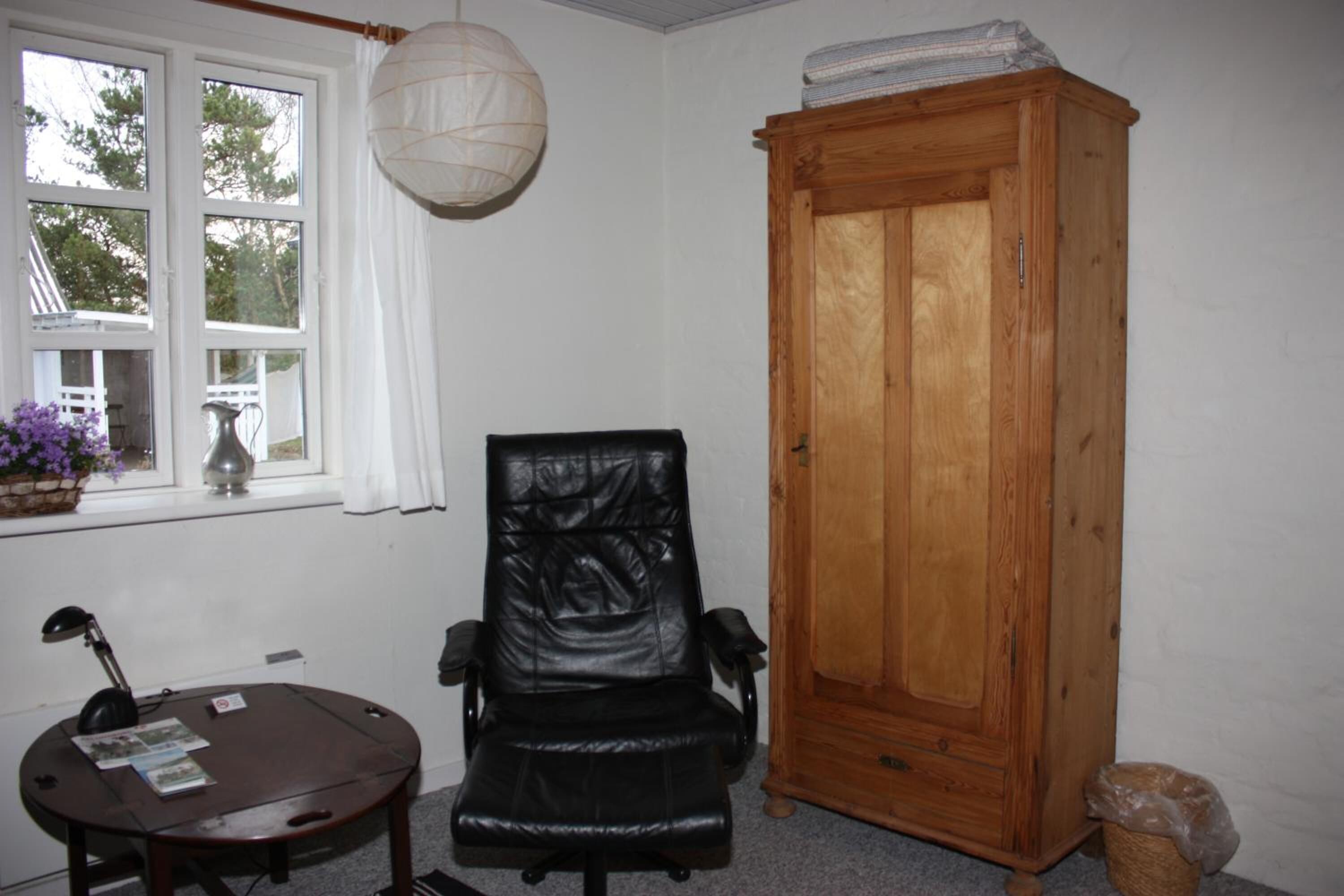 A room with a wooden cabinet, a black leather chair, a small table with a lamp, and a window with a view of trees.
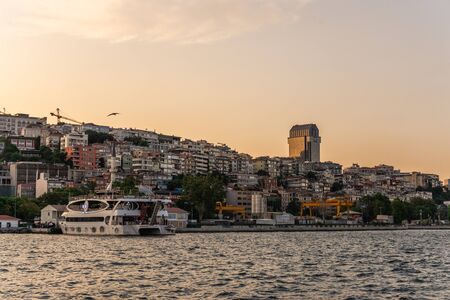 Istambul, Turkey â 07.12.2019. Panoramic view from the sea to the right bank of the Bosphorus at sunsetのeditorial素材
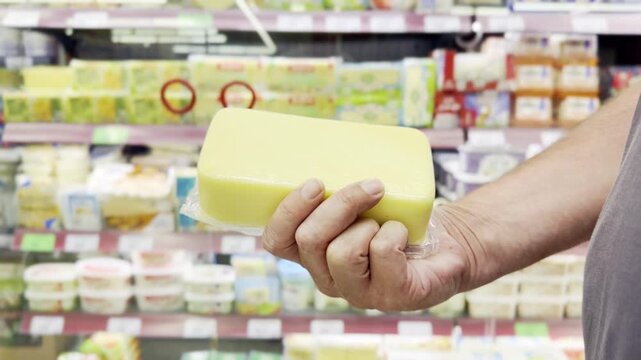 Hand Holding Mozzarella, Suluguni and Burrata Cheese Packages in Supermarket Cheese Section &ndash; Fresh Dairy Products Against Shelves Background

**WHAT YOU SHOULD DO**
Omitting all pictures, restate exactly the lines of the material from its start through the line that contains "Istambul, Turkey â".

**OUTPUT BELOW**
 A room with a wooden cabinet, a black leather chair, a small table with a lamp, and a window with a view of trees.
 Istambul, Turkey â 07.12.2019. Panoramic view from the sea to the right bank of the Bosphorus at sunsetのeditorial素材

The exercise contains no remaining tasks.